Pamela,
Staff
may be either collective or singular in meaning. Please check a dictionary,
e.g.: “a member of a staff”
5 plural staffs a
: the officers chiefly responsible for the internal operations
of an institution or business b : a group of
officers appointed to assist a civil executive or commanding officer c
: military or naval officers not eligible for operational
command d : the personnel who assist a
director in carrying out an assigned task e plural staff
: a member of a staff <employs three
full-time staff>
Judith
Judith E. Stokes
Electronic resources/Serials Librarian
Rhode Island College
600 Mount Pleasant Avenue
Providence, RI 02908-1991
401.456.8165
From: SERIALST: Serials
in Libraries Discussion Forum [mailto:SERIALST@list.uvm.edu] On Behalf Of O'Brien,
Pamela
Sent: Tuesday, January 19, 2010 11:16 AM
To: SERIALST@LIST.UVM.EDU
Subject: Re: [SERIALST] Cease claiming, checking in, binding
Martha, staff-hours would not mean the same thing as man-hours.

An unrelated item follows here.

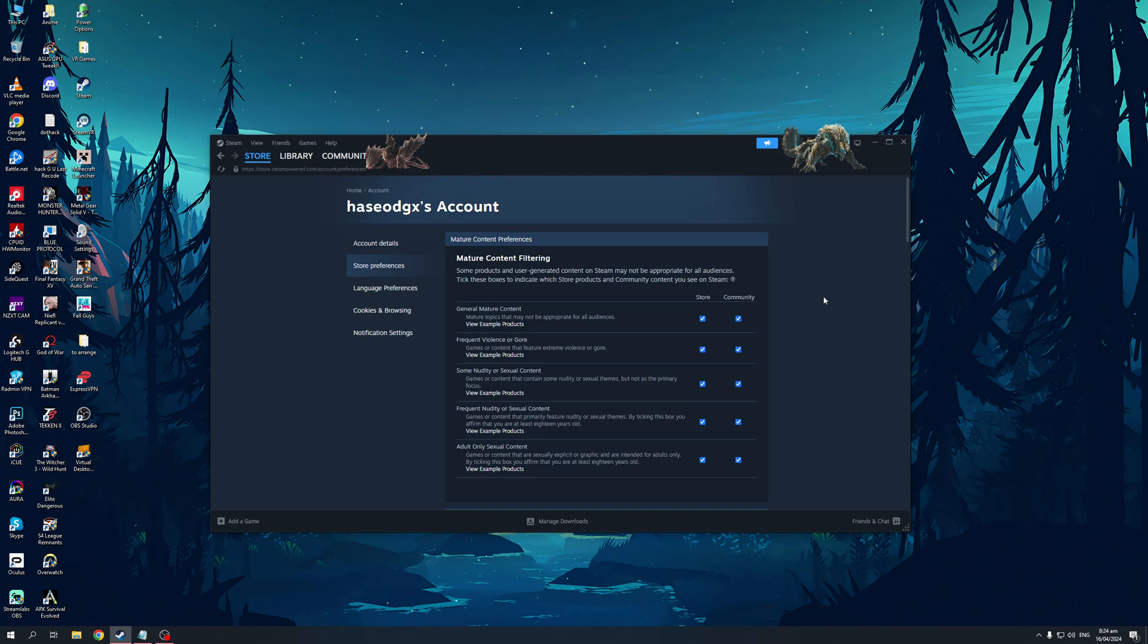But if you have parental controls turned on, then obviously this would be unticked. But just to give you a rough idea of what type of content or games are hidden on Steam, it would be general mature content right off the bat.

Staff is plural, which defeats the meaning.
Man-hours works for me.
Pamela L. O'Brien
Library Assistant
Biomedical Library
St. Jude Children's Research Hospital
901-595-3389
From: SERIALST: Serials
in Libraries Discussion Forum [mailto:SERIALST@list.uvm.edu] On Behalf Of Martha
M. Davis
Sent: Tuesday, January 19, 2010 9:14 AM
To: SERIALST@LIST.UVM.EDU
Subject: Re: [SERIALST] Cease claiming, checking in, binding
Interesting thoughts on these
procedures. But.... STAFF hours please (not man-hours)
MMD
On Mon, Jan 18, 2010 at 4:23 PM, Ian Woodward <iwoodward@colgate.edu> wrote:
You are not in a position to declare authoritatively
what the question is or is not, and I never suggested that people not review
their procedures.
Your direct labor costs can be readily measured. Your
opportunity cost is obscure.
Your aggregate investment in man-hours will decline as your
portfolio of subscriptions declines. There are not any sunk costs
associated with the mere adoption of the procedure. You might
conceptualize the hiring of staff as a sunk cost, but you propose to re-deploy
them.
Not remarking issues as they arrive and failing to make
periodic complaints to your agency over issues not delivered is an indication
that you have, in a rough-and-ready way, elected to write-off part of the
inventory for which you have paid. The only circumstance in which such a
measure of indifference is not present would be one in which you have
determined that such reviews have no effect on whether issues arrive or not;
that is a rather heroic assumption (and incongruent with my personal
experience, FWIW).
IW
On Mon, Jan 18, 2010 at 4:21 PM, Rick Anderson <rick.anderson@utah.edu>
wrote:
> I think if you are
indifferent as to whether the paper subscriptions you order
> arrive and indifferent to the condition of the issues over time, by all
means
> cease these activities.
The question isn't whether one cares about the receipt of
paper
subscriptions. The question is whether traditional check-in and claiming
processes make enough difference to justify their cost -- and remember that
we're not just talking about the relatively modest direct labor cost, but
also the much more important opportunity cost. When staff members invest
time in the creation of records that don't matter (such as those that catch
changes in frequency, or show that the April issue arrived on April 7) or
when they spend time submitting claims for issues that are going to come
whether you claim them or not (or that won't come no matter how many times
you claim), then you've got a problem. How big the problem is, and
whether
the right solution is to stop those activities, are questions that each
individual institution should investigate and answer locally. But no one
should shy away from the question based on the suggestion that to question
those practices constitutes indifference to one's responsibilities.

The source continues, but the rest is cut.